7/ Le souvenir pur se conserverait donc spirituellement - en dehors du corps. Le corps (c'est-à-dire avant tout le cerveau) a cependant un rôle à jouer : il sert à actualiser les souvenirs, à les rendre conscients lorsqu'ils sont utiles pour l'action présente. Ce rôle caractéristique du corps explique que dans les maladies de la mémoire les noms propres soient oubliés plus facilement que les noms communs et les noms communs plus facilement que les verbes. C'est qu'à mesure qu'on va du verbe au nom propre, on s'éloigne de l'action tout de suite imitable, jouable par le corps; la symbolisation d'un nom propre en mouvements est évidemment une opération plus compliquée, plus délicate que la matérialisation motrice de ce que représente le verbe.
8/ Le souvenir rendu conscient, actualisé par l'opération cérébrale existe cependant dans l'inconscient, dans l'esprit pur, dès le moment où il est enregistré. Ainsi rien n'est oublié, tout notre passé est là. Le rêve nocturne fournit ici à Bergson une illustration de sa théorie sur la conservation intégrale du passé. Ici, plus de sélection des souvenirs puisque les exigences de l'action s'effacent; « rêver, c'est se désintéresser. » Les images du passé, même les plus lointaines, les plus étranges, reviennent alors en foule et en désordre.
9/ A la réflexion, cette conservation intégrale du passé dans un esprit pur et inconscient semble aussi peu claire que la conservation du passé dans la matière cérébrale selon Ribot. Au fond une perception conservée (que ce soit dans l'inconscient ou dans le cerveau) est quelque chose de présent, de donné. On comprend mal qu'elle se date elle-même comme passé ; comme dit Merleau-Ponty : « elle n'ouvre pas, en arrière de nous, cette dimension de fuite et d'absence qu'est le passé ».
10/ D'où la théorie phénoménologique qui se refuse à parler de la conservation du souvenir. Le souvenir n'est pas une chose rangée dans une armoire, c'est l'acte de poser le passé comme passé. Or ce sont les choses qui se conservent; un acte en tant qu'acte est ou n'est pas, mais ne se conserve pas. Acte implique actualité, présent, jugement actuel de l'esprit.

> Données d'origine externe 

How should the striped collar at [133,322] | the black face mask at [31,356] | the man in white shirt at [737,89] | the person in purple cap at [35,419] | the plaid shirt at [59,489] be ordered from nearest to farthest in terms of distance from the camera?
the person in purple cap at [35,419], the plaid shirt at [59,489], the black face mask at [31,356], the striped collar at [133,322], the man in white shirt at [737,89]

11/ Tout souvenir est acte présent du jugement. Ce qui se conserve est plutôt aide-mémoire que souvenir à proprement parler. Ces aide-mémoire sont d'ailleurs non seulement d'ordre organique (conçus comme des circuits familiers, empruntés par l'influx nerveux, plutôt que comme des empreintes statiques) mais aussi d'ordre social. Le souvenir est un acte de reconnaissance du passé qui s'appuie sur des repères, sur des « cadres sociaux », comme dit Halbwachs. En disant « avant la guerre, après la guerre », « aux vacances dernières », etc., je suscite des souvenirs divers : grâce aux repères sociaux, je puis « battre les buissons du passé et faire lever des volées de souvenirs ». Ainsi le passé ne se conserve pas dans la mémoire mais on le reconstruit à partir du présent grâce aux cadres sociaux de la mémoire. Et par là même toute reconnaissance implique un début de localisation.